*WHAT THE TASK REQUIRES*.
Please repeat the listing below exactly, but do not include its pictures.
^^^^^^^^^^^^^^^^
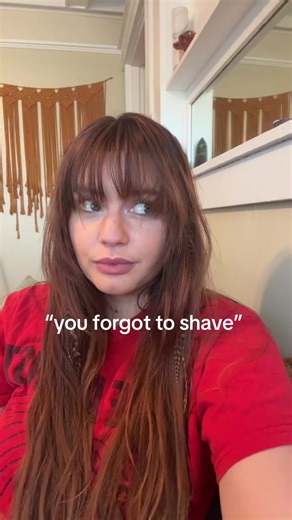 like buddy i haven’t been forgetting for years on years. it’s obviously a choice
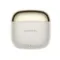 HUAWEI FreeBuds SE 3 Beige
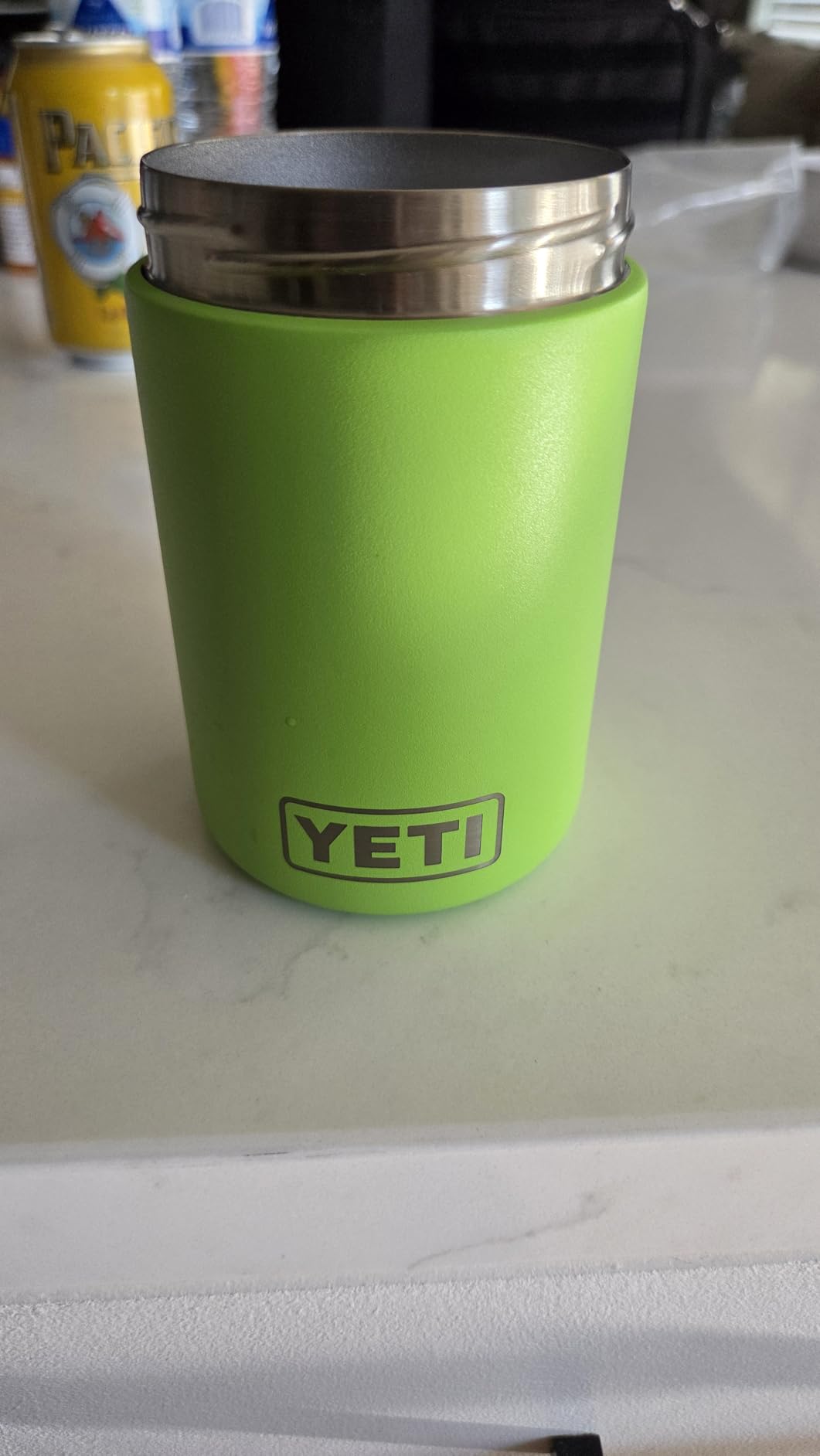 Rambler 12 oz Colster customer photo 1
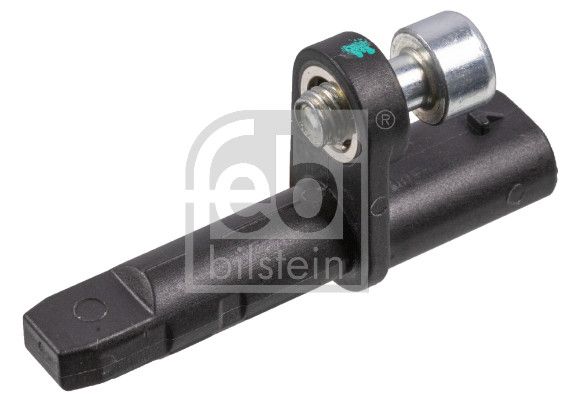 ABS-anturi - 182377
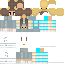 Texture for ok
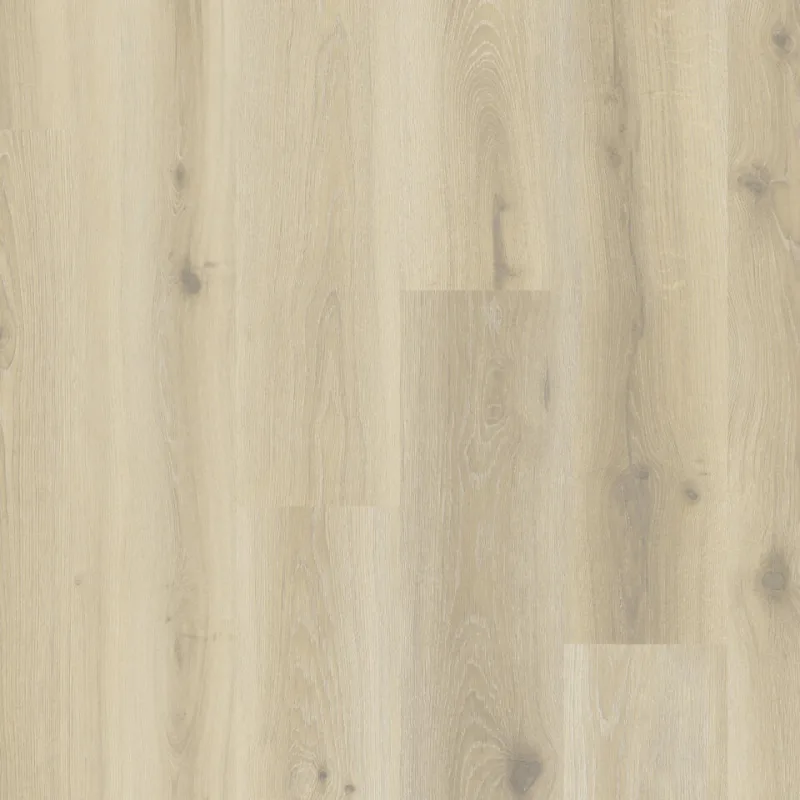 Pardoseală LVT iD Naturals Click Ultimate 70 Forest Oak Pistachio Shell - Image 1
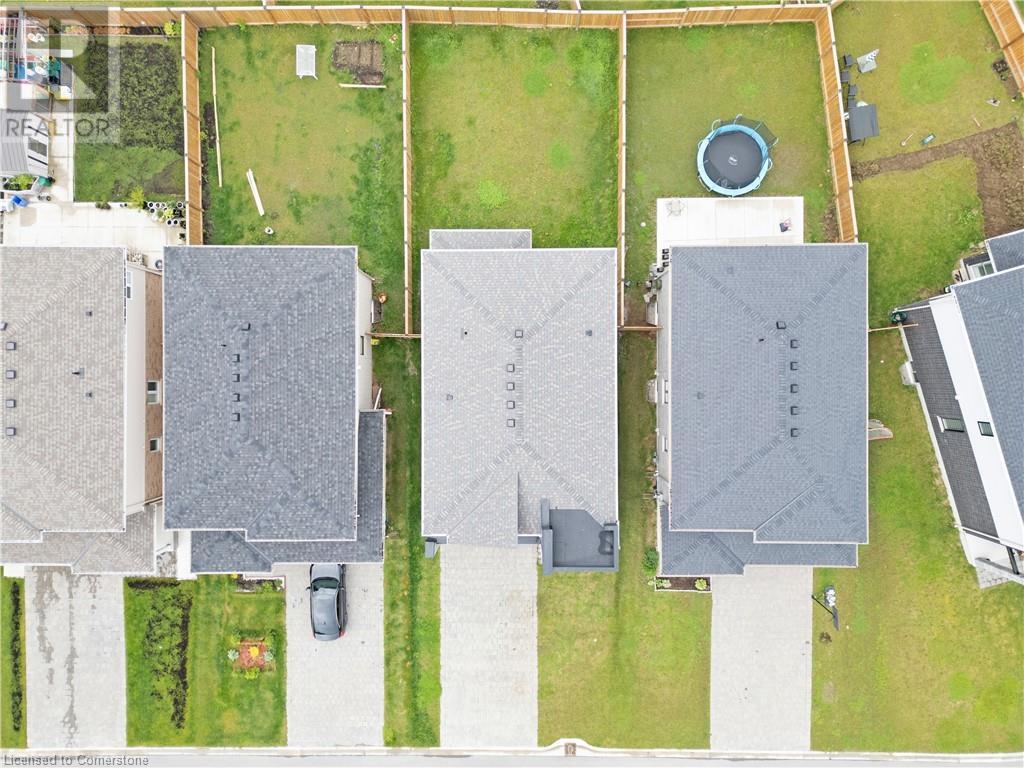 1554 Henrica Avenue, London, Ontario  N6G 0S8 - Photo 33 - 40748456
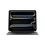 Apple Magic Teclado iPad Pro 13" M5 (Preto) (AZERTY)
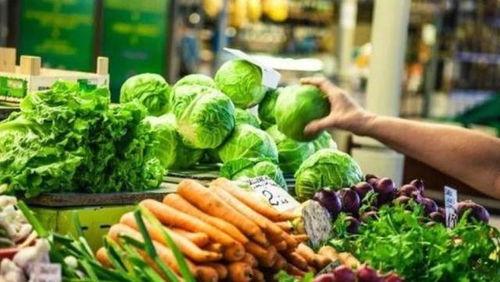 吃瓜黑料每日大赛聚集地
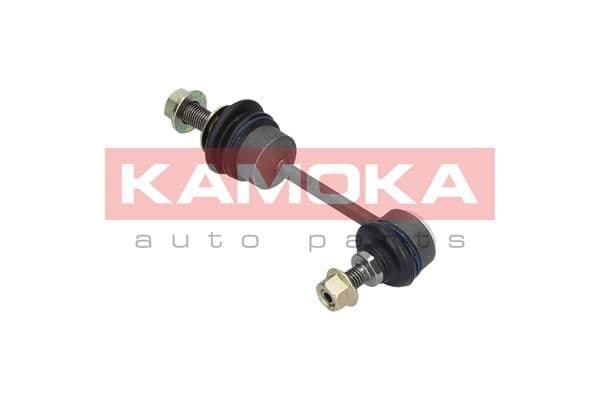 Stiepnis/Atsaite, Stabilizators KAMOKA 9030047 1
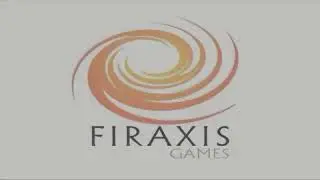 2K Games/Firaxis Games (2005)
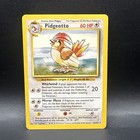 Pidgeotto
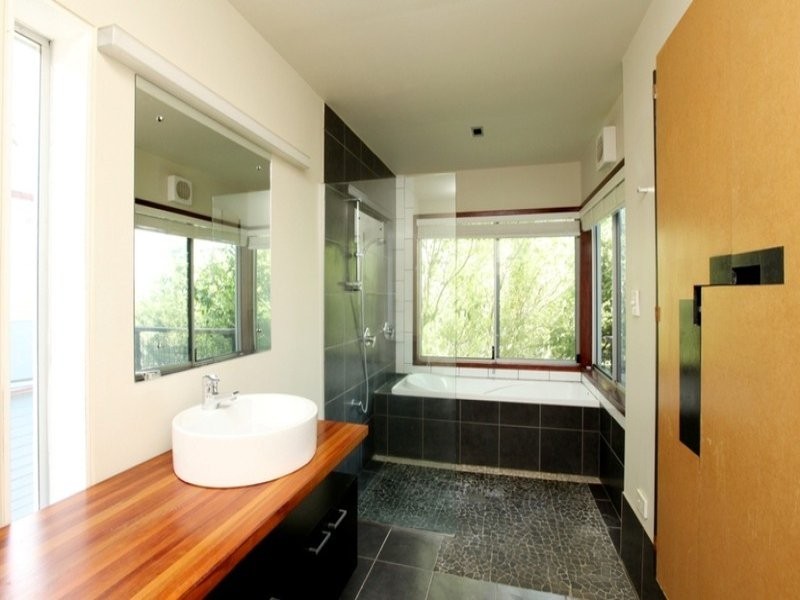 8 Welman Street, Launceston TAS 7250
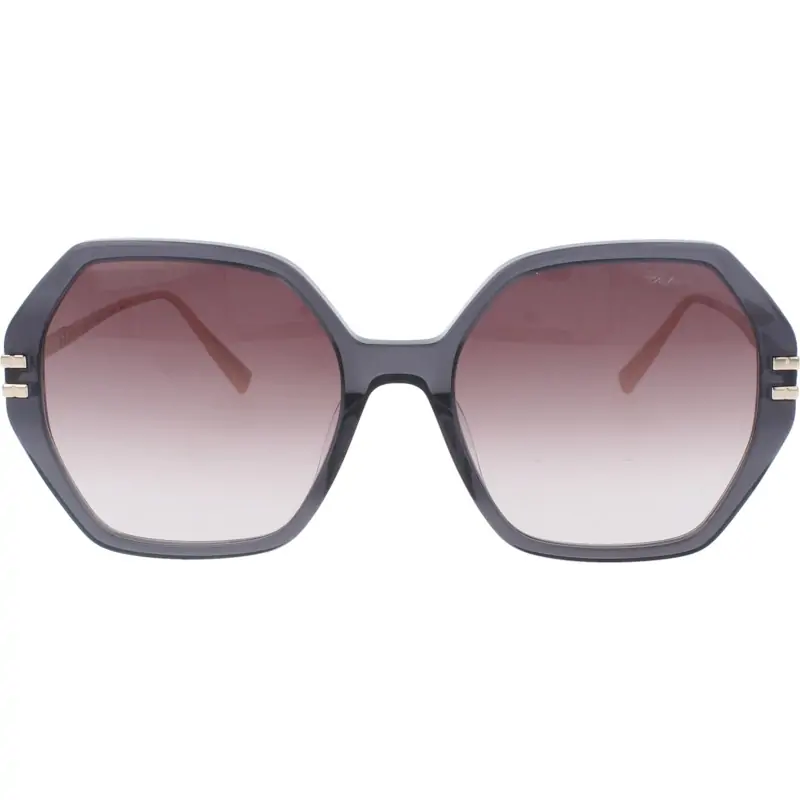 Chopard SCH370 0705 57 19 Chopard - 2 - ¡Compra gafas online! - OpticalH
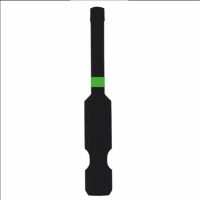 DART T20 50mm Impact Driver Bit – Pack 10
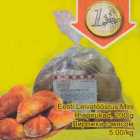 Магазин:Säästumarket,Скидка:Пирожки с мясом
^^^^^^^^^^^^^^^^
*ANSWER BELOW*.
 like buddy i haven’t been forgetting for years on years. it’s obviously a choice
 HUAWEI FreeBuds SE 3 Beige
 Rambler 12 oz Colster customer photo 1
 ABS-anturi - 182377
 Texture for ok
 Pardoseală LVT iD Naturals Click Ultimate 70 Forest Oak Pistachio Shell - Image 1
 1554 Henrica Avenue, London, Ontario  N6G 0S8 - Photo 33 - 40748456
 Apple Magic Teclado iPad Pro 13" M5 (Preto) (AZERTY)
 吃瓜黑料每日大赛聚集地
 Stiepnis/Atsaite, Stabilizators KAMOKA 9030047 1
 2K Games/Firaxis Games (2005)
 Pidgeotto
 8 Welman Street, Launceston TAS 7250
 Chopard SCH370 0705 57 19 Chopard - 2 - ¡Compra gafas online! - OpticalH
 DART T20 50mm Impact Driver Bit – Pack 10
 Магазин:Säästumarket,Скидка:Пирожки с мясом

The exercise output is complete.